Des poursuites et des condamnations iniques
Amnesty International a appris qu’une quinzaine de femmes et une adolescente de 16 ans, dans sept provinces, sont poursuivies en justice uniquement parce qu’elles ne portaient pas le voile, ou portaient un hijab « inapproprié » ou un chapeau, alors qu’elles se trouvaient en voiture, dans des lieux publics comme les centres commerciaux, les théâtres, les aéroports ou le métro, ou sur des photos postées sur leurs comptes de réseaux sociaux.
Il est difficile de déterminer l’ampleur de ces poursuites, car les autorités ne publient pas de chiffres officiels. Toutefois, en janvier 2024, le chef de la police de la province de Qom, Mohammad Reza Mirheidary, a fait référence dans une déclaration [2] à 1 986 affaires pénales en lien avec le port obligatoire du voile depuis mars 2023, à Qom seulement – ce qui indique que ces affaires sont rarement signalées. Une femme a déclaré qu’un juge a montré du doigt une pile de 30 à 40 dossiers sur son bureau, déclarant qu’ils étaient tous liés au port obligatoire du voile. Plusieurs femmes ont expliqué que les agents du ministère public et de la police déploraient leur lourde charge de travail du fait de la résistance des femmes contre le port obligatoire du voile.
Amnesty International a étudié les cas de quatre femmes qui ont reçu des ordonnances de mise en accusation leur demandant de participer à des cours de « moralité » (jusqu’à cinq) et d’éviter toute conduite « criminelle » pendant une période maximale d’un an en vue de classer sans suite les poursuites à leur encontre. Selon l’une d’entre elles, la personne qui dispensait le cours avait reproché aux 40 participantes d’être responsables du taux élevé de divorce et les avait réprimandées pour s’être montrées « nues ».
Amnesty International a recensé les cas de trois autres femmes condamnées à des amendes.
Une autre s’est vue ordonner d’écrire une lettre exprimant son repentir et a été menacée d’une amende.
Dans un rapport examiné par Amnesty International, le ministère du Renseignement ordonnait la surveillance constante des activités en ligne d’une artiste, ciblée en raison de ses posts sur Instagram.

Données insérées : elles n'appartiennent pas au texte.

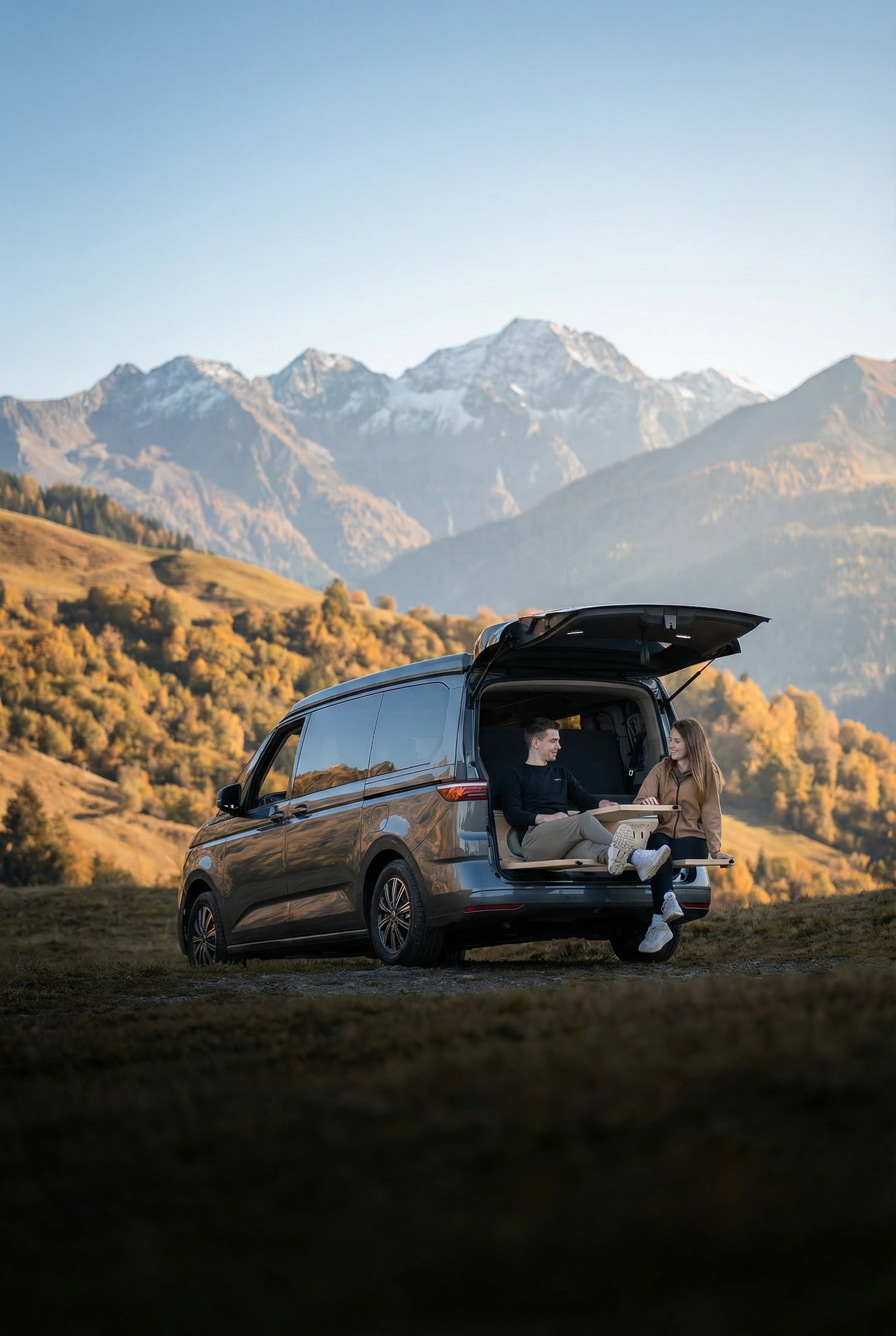 CampBoks verbaut in einem Van. Im Hingergrund die Alpen.
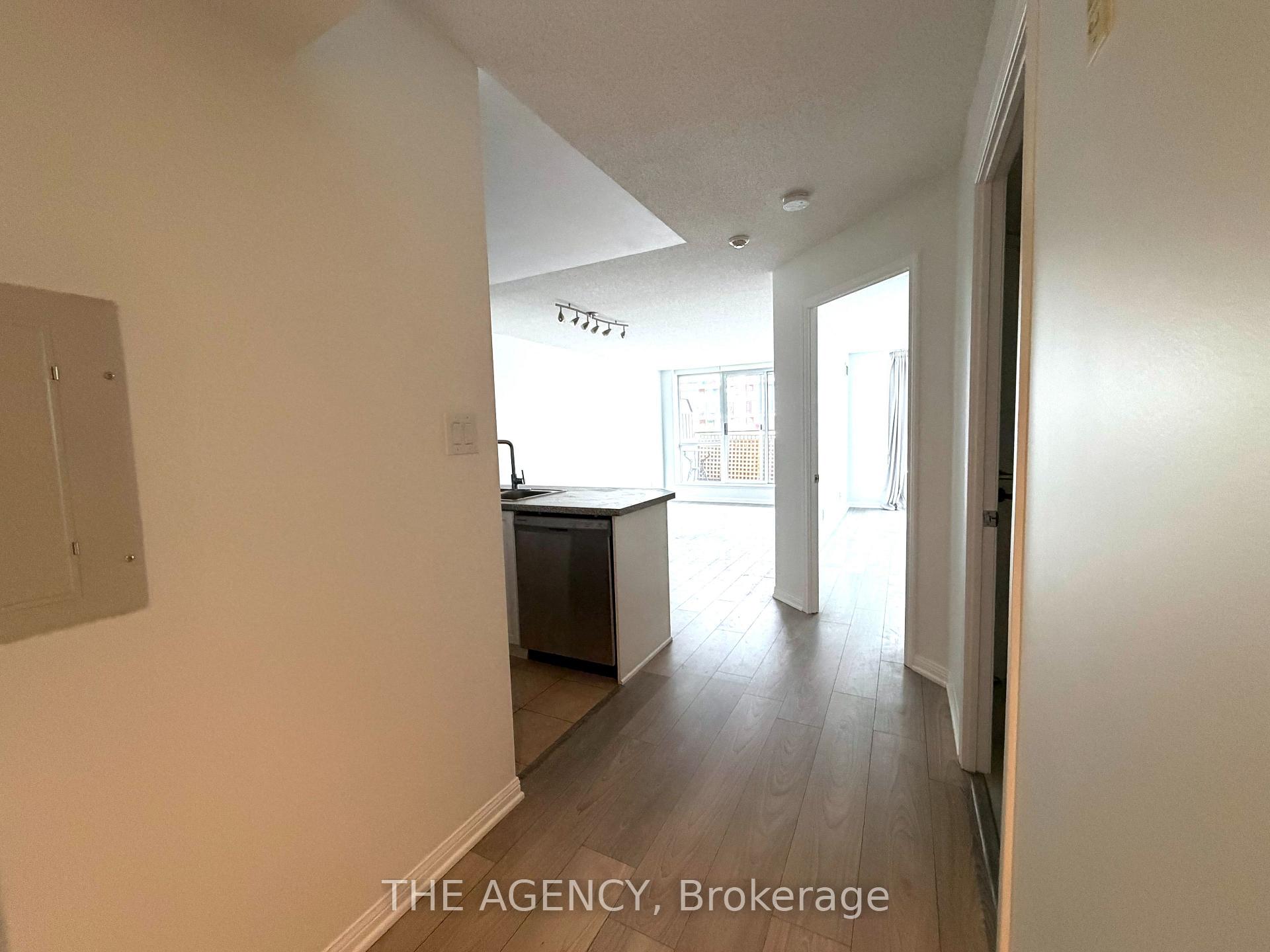 Photo 4 of Unit 201, 3130 Yonge Street, Toronto, Lawrence Park North — HOMEH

En plus des sanctions, les autorités chargées des poursuites et les juges ont menacé la plupart des femmes et des filles de flagellation et d’emprisonnement, l’une d’entre elles de mort et une autre de violences sexuelles.
Au moment de la publication de ce document, des poursuites sont en cours à l’encontre de six femmes dont Amnesty International a recueilli les témoignages.
En plus des sanctions, les autorités chargées des poursuites et les juges ont menacé la plupart des femmes et des filles de flagellation et d’emprisonnement, l’une d’entre elles de mort et une autre de violences sexuelles. Le père d’une adolescente de 16 ans a déclaré que lors de son procès, le juge du tribunal pour mineurs lui a demandé de manière agressive pourquoi elle ne respectait pas l’obligation de porter le voile et l’a menacée de flagellation et d’incarcération. Cette jeune fille a finalement été acquittée, mais la police des mœurs l’a contrainte à signer un engagement.
En janvier 2024, les autorités ont exécuté une peine de 74 coups de fouet à l’encontre de Roya Heshmati [3] parce qu’elle était apparue non voilée en public. Dans un témoignage sur son compte de réseaux sociaux, elle a raconté qu’un agent masculin l’avait flagellée, en présence d’un juge, dans une pièce qu’elle a décrite comme « une salle de torture médiévale ».
Complément d’information
Un projet de loi, qui vise à codifier et intensifier l’offensive des autorités contre les femmes et les filles qui osent défier le port obligatoire du voile, devrait bientôt être adopté au Parlement iranien. En février 2024, le président Ebrahim Raisi a officiellement approuvé [4] les coûts financiers importants nécessaires pour mettre en œuvre la loi proposée, ouvrant ainsi la voie à son approbation par le Conseil des gardiens.